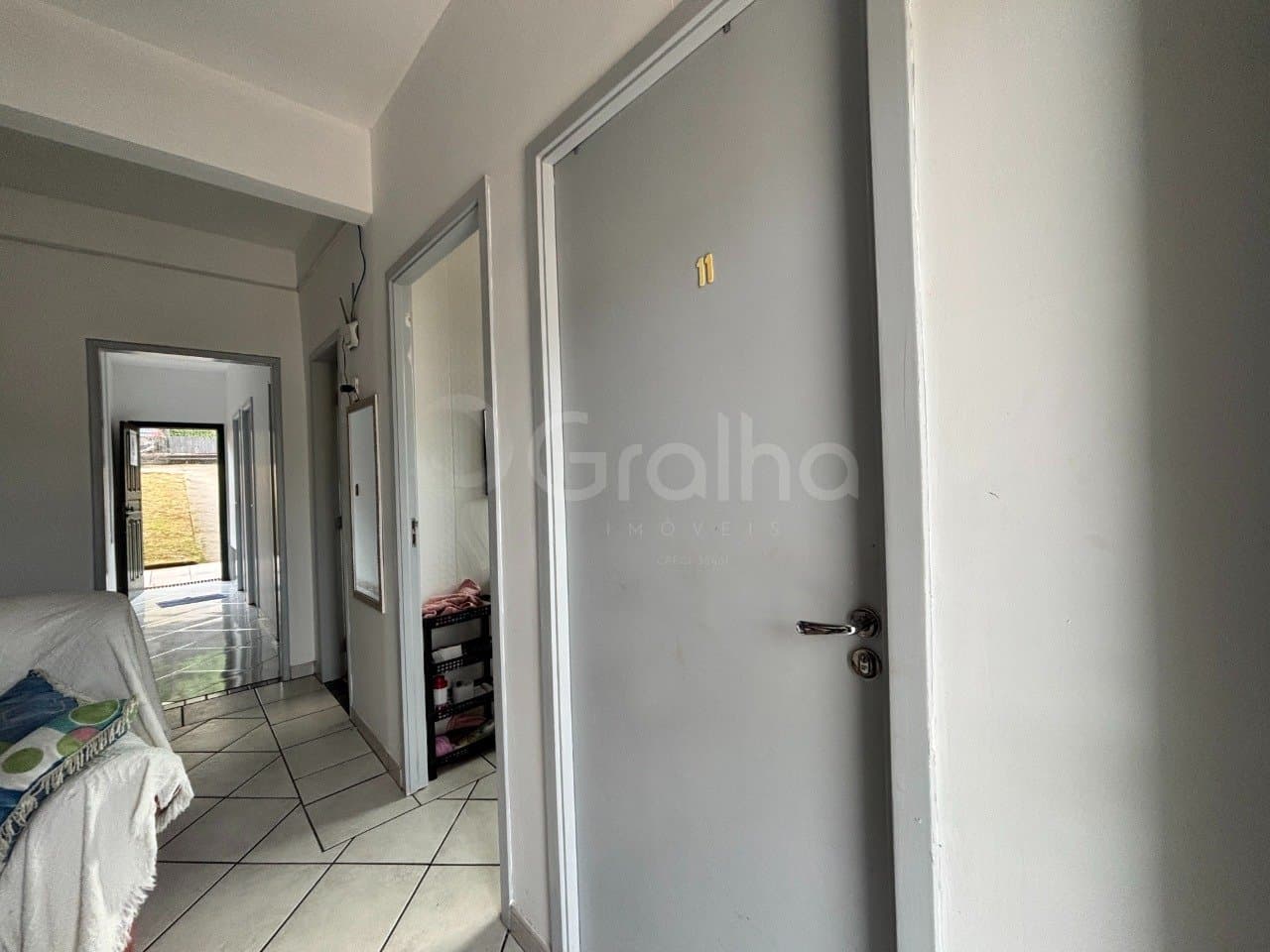 3554o-i185uSBCN871gwUz48b4_433846a0f42513d27e.jpg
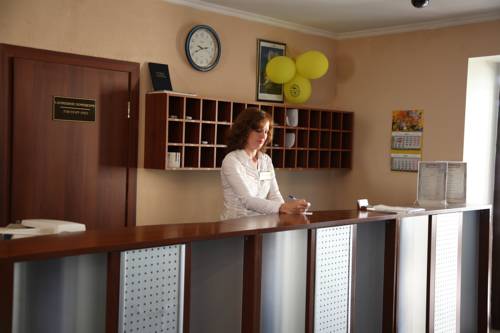 Фото Регина в городе Болгар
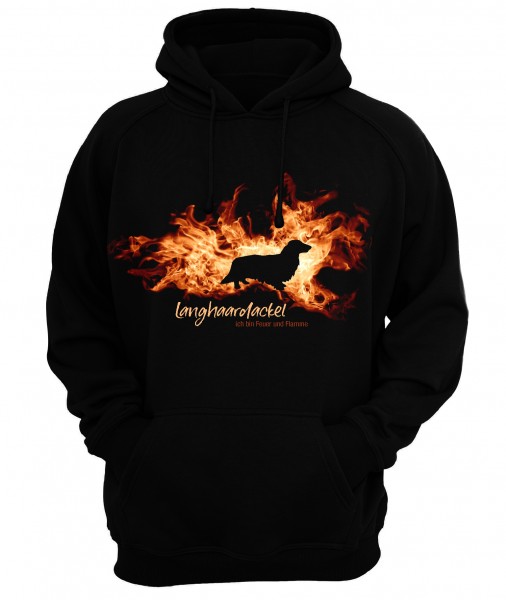 SFlamme_Langhaardack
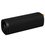 Portable speaker Xiaomi Sound Outdoor, black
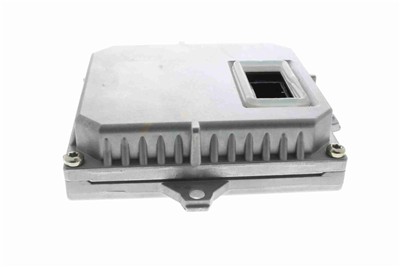 VEMO V30-73-0207 Číslo výrobce: 1008685. EAN: 4046001798979.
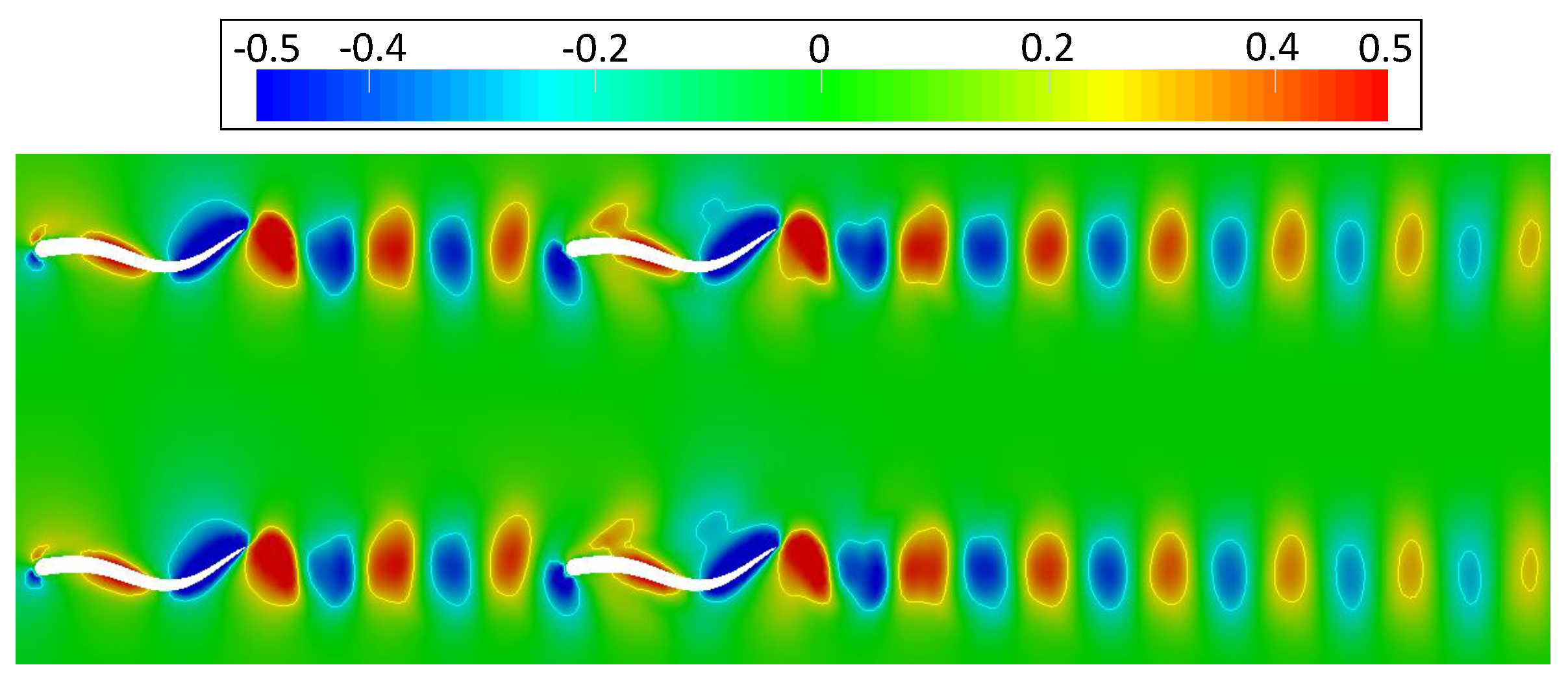 Applsci 09 01652 g019 Applsci 09 01652 g019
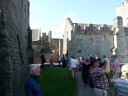 20140910_132917.jpg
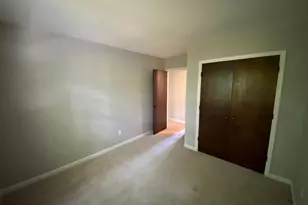 12202 McClain St, Fredericksburg, VA 22407 - Photo 25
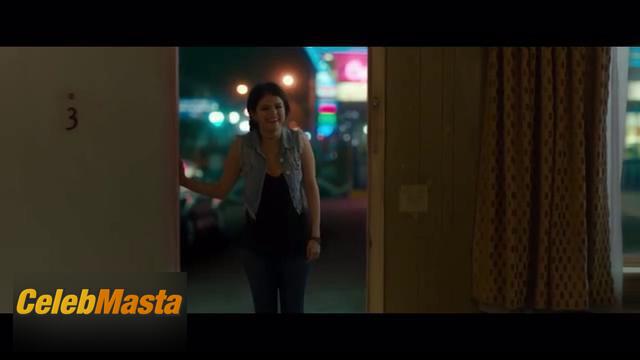 Selena Gomez Photo Set from The Fundamentals Of Caring photo 2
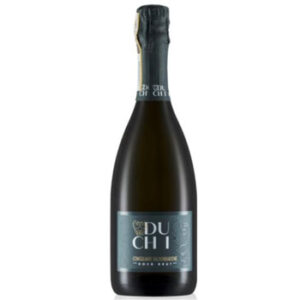 Prosecco Superiore DOCG Duchi Brut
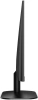 Монитор AOC 27" Value Line 27B2H черный IPS LED 16:9 HDMI матовая 1000:1 250cd 178гр/178гр 1920x1080 75Hz VGA FHD 3.6кг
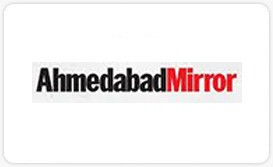 Zee News
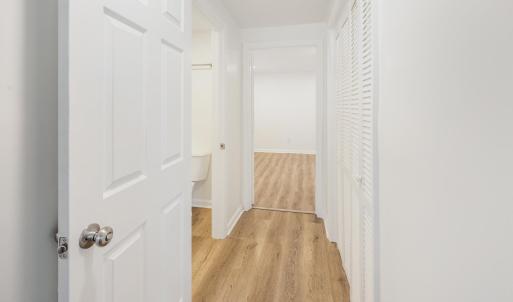 Photo #31 of 649 Amelon Road, Madison Heights, VA 0.7 acres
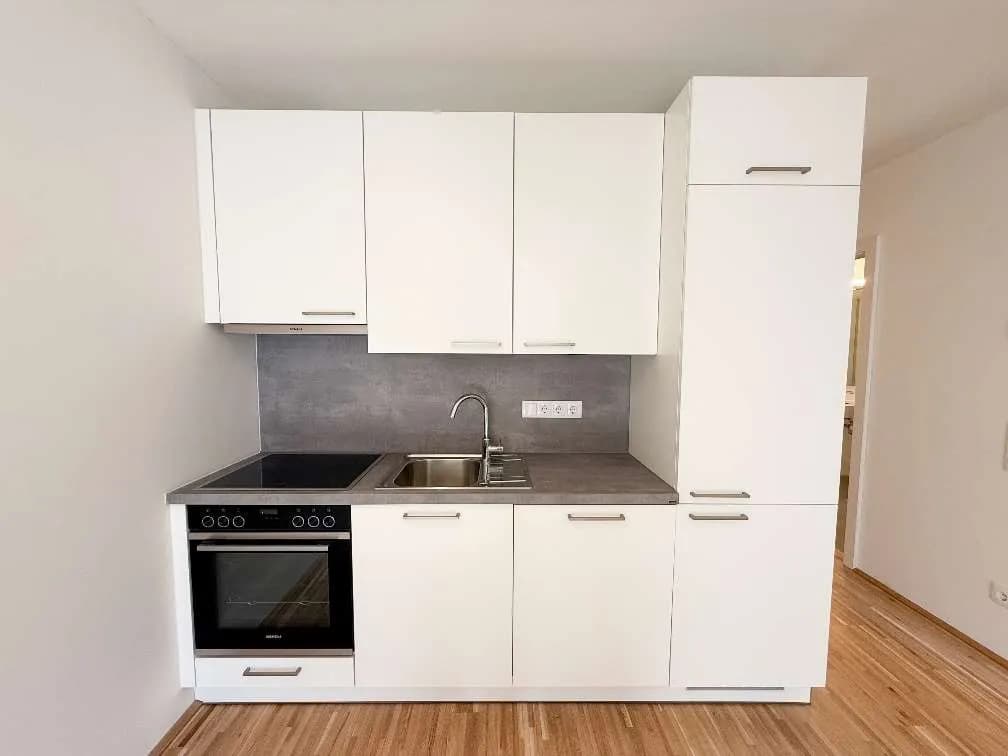 2-Zimmer-Wohnung kaufen in Wien – 52,22 m², € 345.000 – Bild 29 von 33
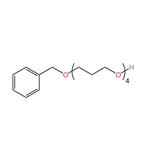 1-Phenyl-2,6,10,14-tetraoxaheptadecan-17-ol pictures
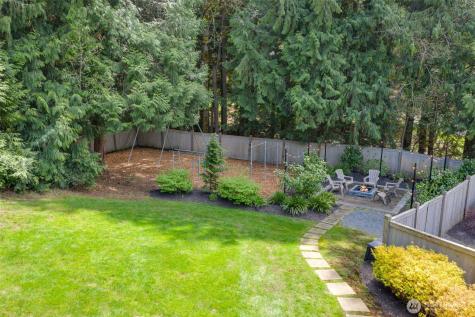 12118 198th Avenue NE Woodinville WA 98077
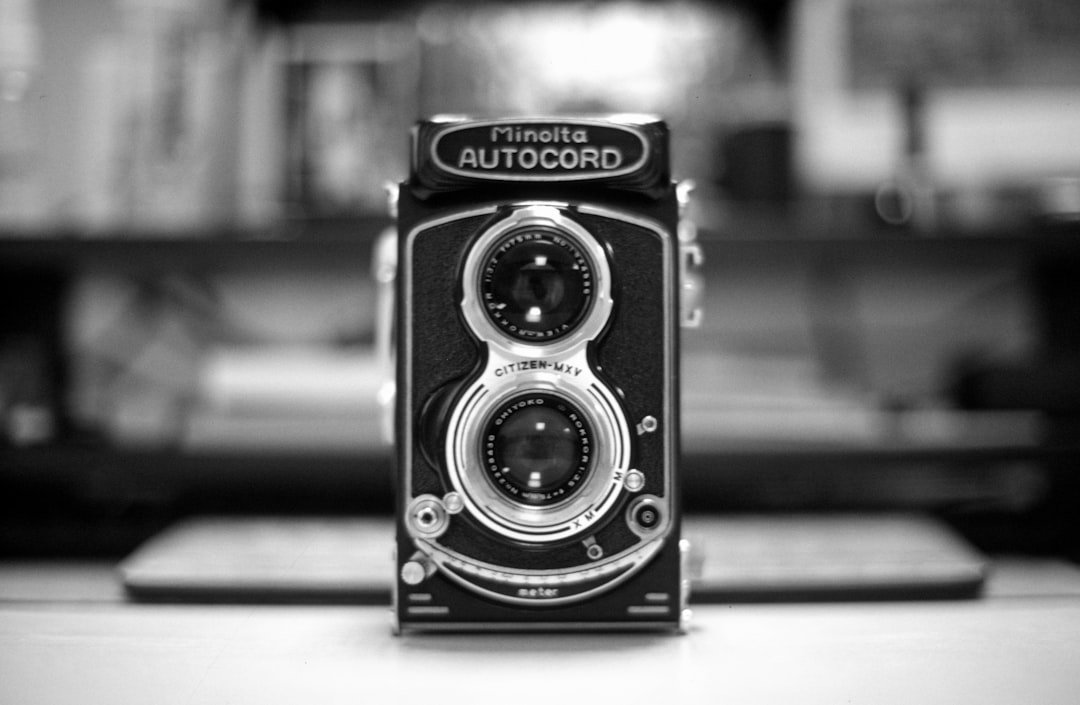 Silberpreise steigen Wird Analogfotografie unerschwinglich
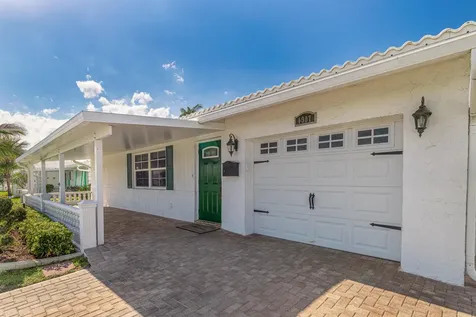 1907 SW 16th Avenue Boynton Beach FL 33426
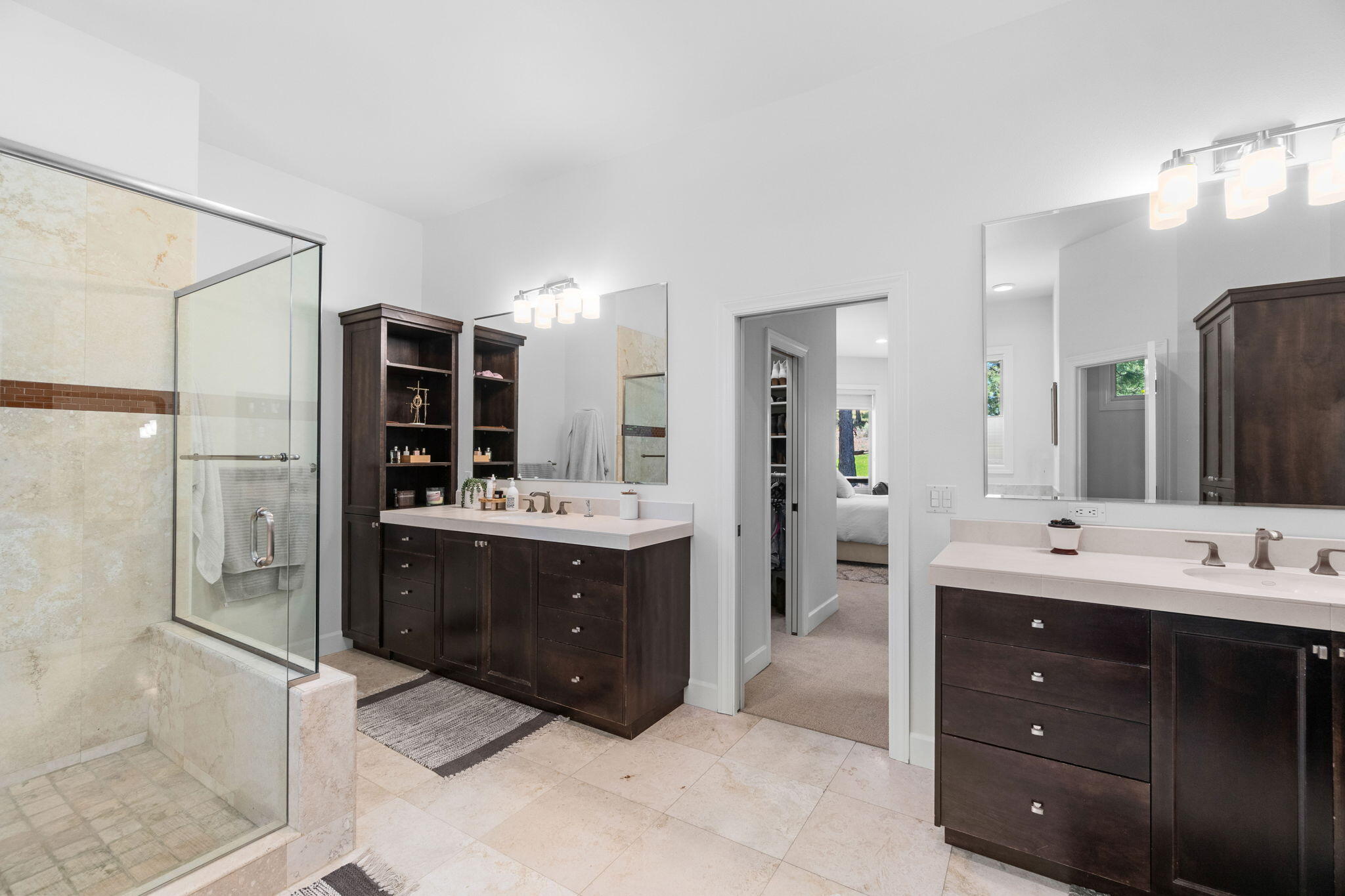 Awbrey Butte - Residential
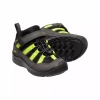 Buty miejskie dziecięce KEEN HIKEPORT II LOW WP
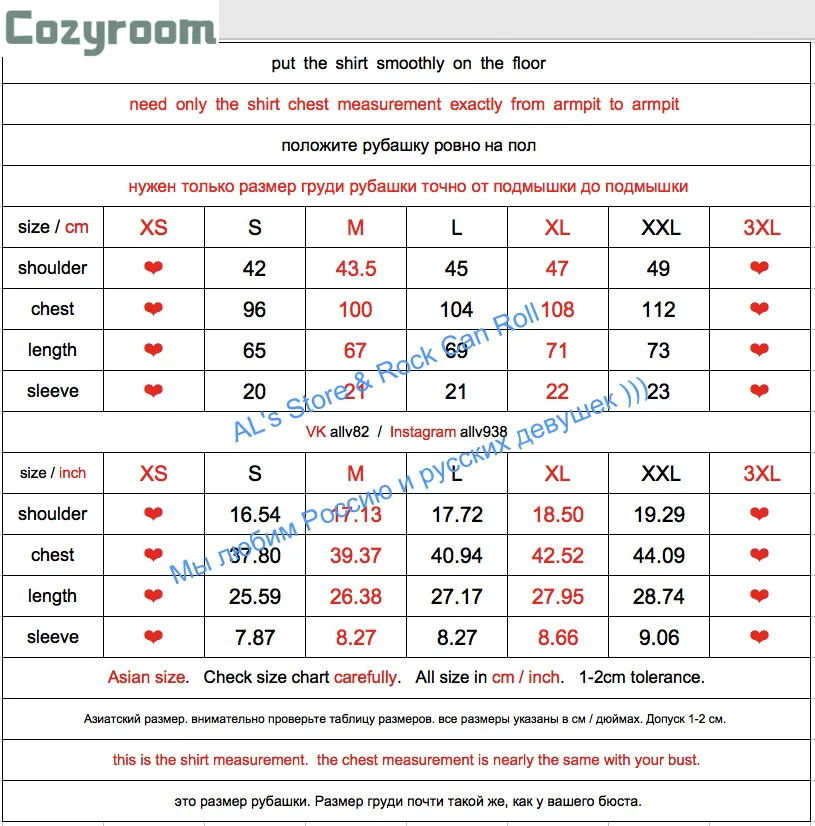 

AL6122 прочтите описание! Азиатский размер, мужская, хорошее качество, 260GSM, мягкая хлопковая Повседневная стильная бесшовная трубчатая футбол...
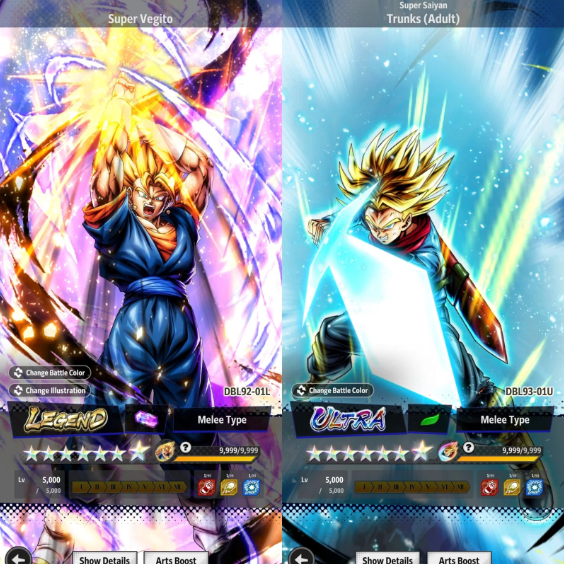 Screenshot 2026 07 24 230749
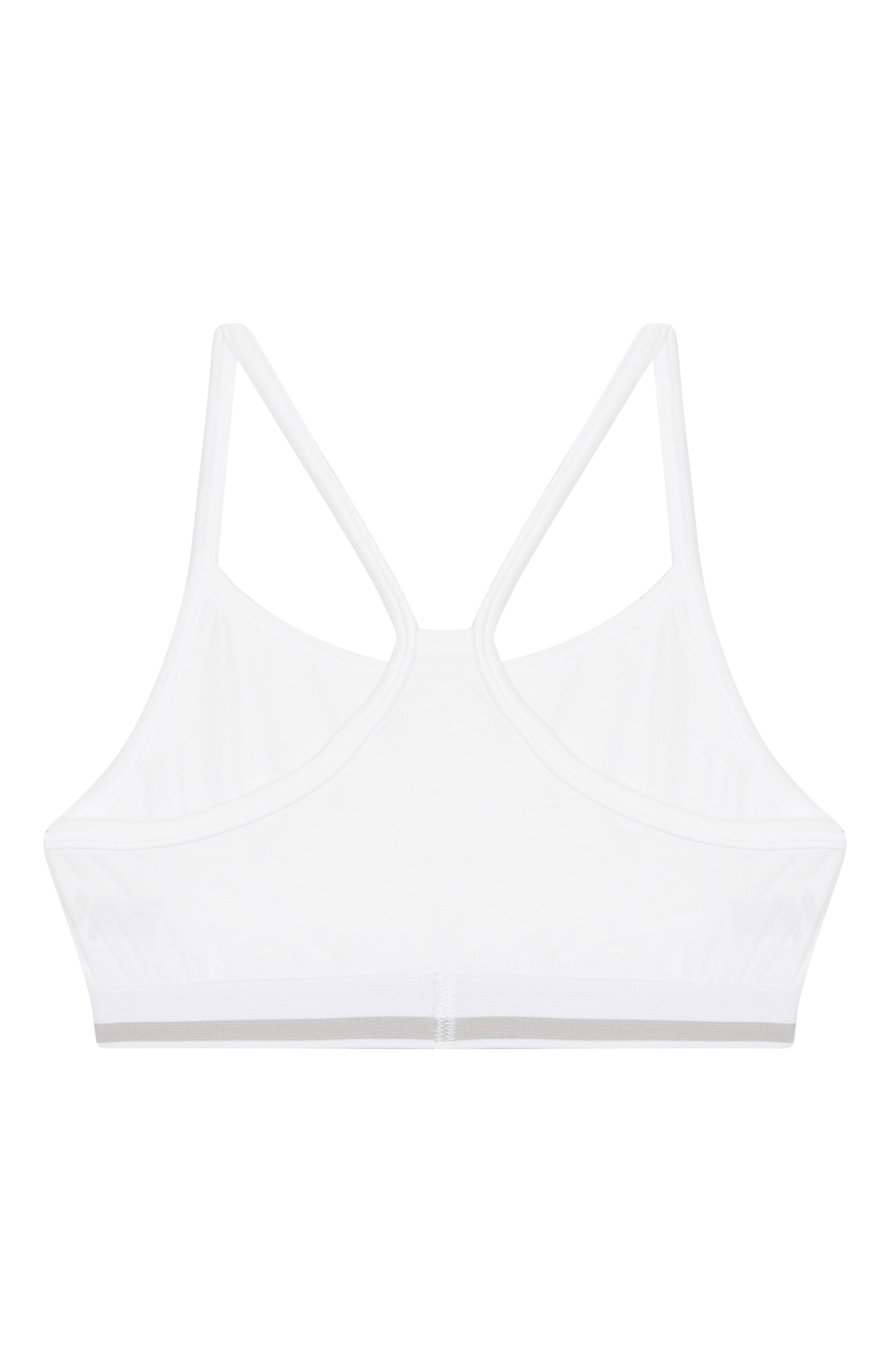 Бра-топ SANETTA, арт. 347542, фото 2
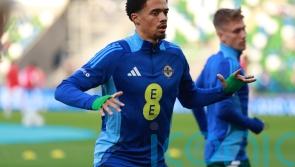 Jamal Lewis calls loan switch from Newcastle to Sao Paulo a ‘no-brainer’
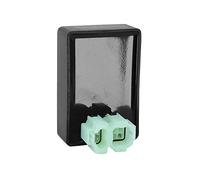 CDI 50 A BOITE ADAPTABLE MINARELLI 50 AM6 -P2R-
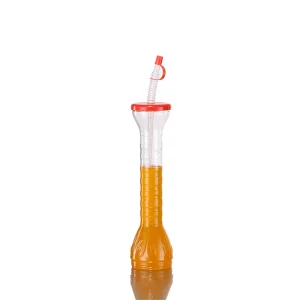Beach Cup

....................

§ **Task directions**:
Copy exactly the lines from the one containing "2-Zimmer-Wohnung kaufen in" to the end of the records, both included, and leave the pictures out.

§ **Task output**:
 2-Zimmer-Wohnung kaufen in Wien – 52,22 m², € 345.000 – Bild 29 von 33
 1-Phenyl-2,6,10,14-tetraoxaheptadecan-17-ol pictures
 12118 198th Avenue NE Woodinville WA 98077
 Silberpreise steigen Wird Analogfotografie unerschwinglich
 1907 SW 16th Avenue Boynton Beach FL 33426
 Awbrey Butte - Residential
 Buty miejskie dziecięce KEEN HIKEPORT II LOW WP

AL6122 прочтите описание! Азиатский размер, мужская, хорошее качество, 260GSM, мягкая хлопковая Повседневная стильная бесшовная трубчатая футбол...
 Screenshot 2026 07 24 230749
 Бра-топ SANETTA, арт. 347542, фото 2
 Jamal Lewis calls loan switch from Newcastle to Sao Paulo a ‘no-brainer’
 CDI 50 A BOITE ADAPTABLE MINARELLI 50 AM6 -P2R-
Beach Cup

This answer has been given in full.